U researchers discover new gene that may help bolster crop yields

A new discovery about how plants grow may help future worldwide food production.

U researchers have discovered a gene that might tell plants when to stop growing when faced with drought, compacted soil or other poor growing conditions.

Leslie Sieburth, an associate professor in biology, wanted to learn more about the vein patterns in leaves. She began to make mutants of the plant Arabidopsis, commonly known as thale cress, to study these patterns and to understand how the loss of various genes affected the leaves.

She and Jaimie Van Norman, a biology graduate student, discovered that when a gene they named BYPASS1 was mutated, the leaves and the roots exhibited growth defects. They experimented with the plants, and they found that mutant leaves grew normally when the mutant root was removed.

“We began to call it the ‘bad root’ theory,” Sieburth said.

To test this hypothesis, Van Norman grafted the mutant root to a normal plant and found that the leaves stopped growing.

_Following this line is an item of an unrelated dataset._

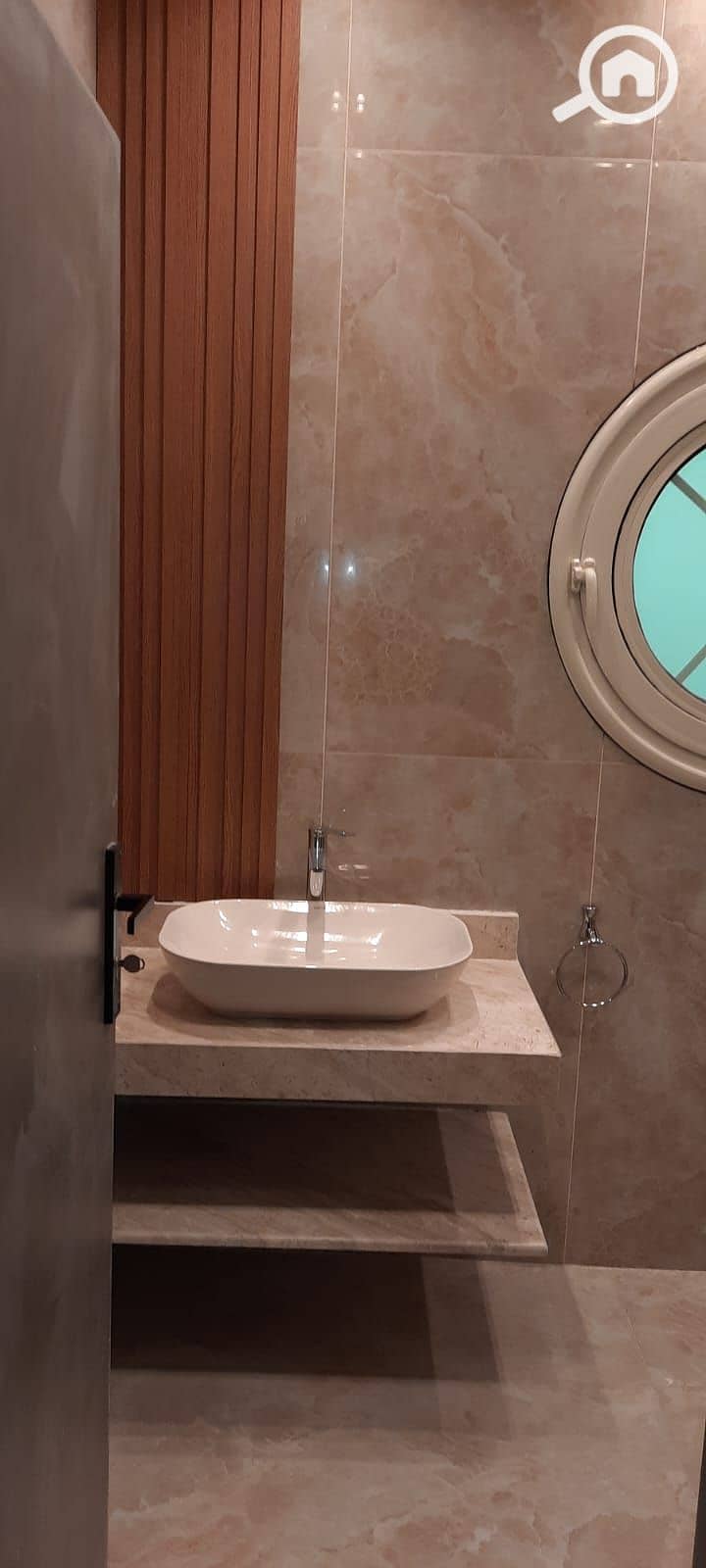 Villa for rent in Al Shorouk City with a swimming pool, first residence after finishing. - Widok 4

This was a significant find because it indicated that a signal from the root could influence growth above ground.

When the “bad root” was removed from the mutant plant, the leaves started to grow in 24 hours, Van Norman said.

“And those are only the changes we could see,” she said.

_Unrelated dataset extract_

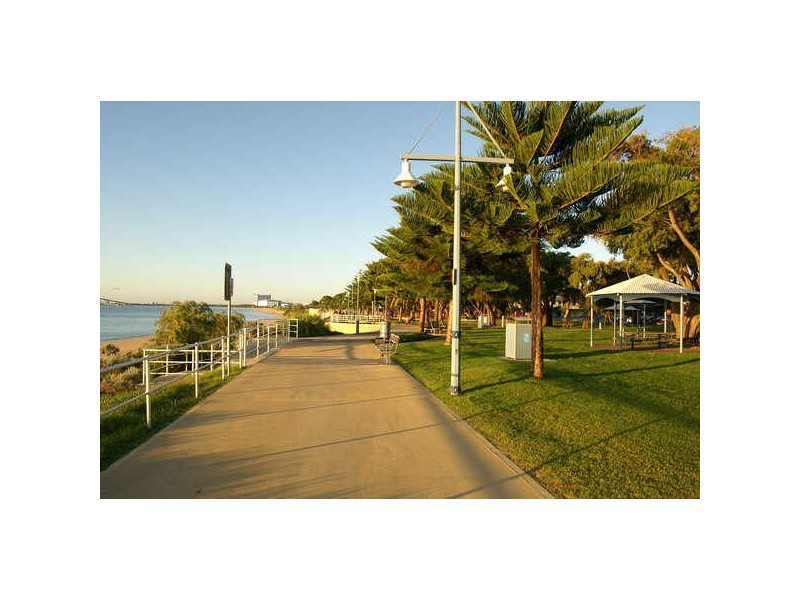 4/100 Kent Street, Rockingham WA 6168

This discovery could be important in agriculture as future population growth will require larger crop yields. If the chemical signals can be manipulated in a certain way, then plants could flourish even if growing conditions weren’t perfect, Van Norman said.

However, such manipulation is a long way off, as the chemical pathway the two discovered was previously unknown.

“It’s amazing that two cells next to each other can send signals to each other, but the long-distance signaling occurring from roots to leaves amazes me,” Sieburth said.

That distance varies depending on the species, but it ranges from the plant sizes of daffodils to sequoias.

“This signaling occurs in all higher plants, so this can show us how all plants grow and respond,” Van Norman said.

This signaling is essential because plants must rapidly respond to their environments in order to survive, she said.

“Animals can leave the area if conditions are unfavorable, but plants obviously have to stay there and make the best of it,” Van Norman said.

The two scientists aren’t sure of what chemical is passing along the message, but they think it’s a carotenoid derivative. Carotenoids include the pigments found in plants, such as beta-carotene, which is found in carrots, and lycopene, which is found in tomatoes.

The two are currently working on pinpointing which chemical is causing the change.

“It might be a whole new plant hormone,” Sieburth said.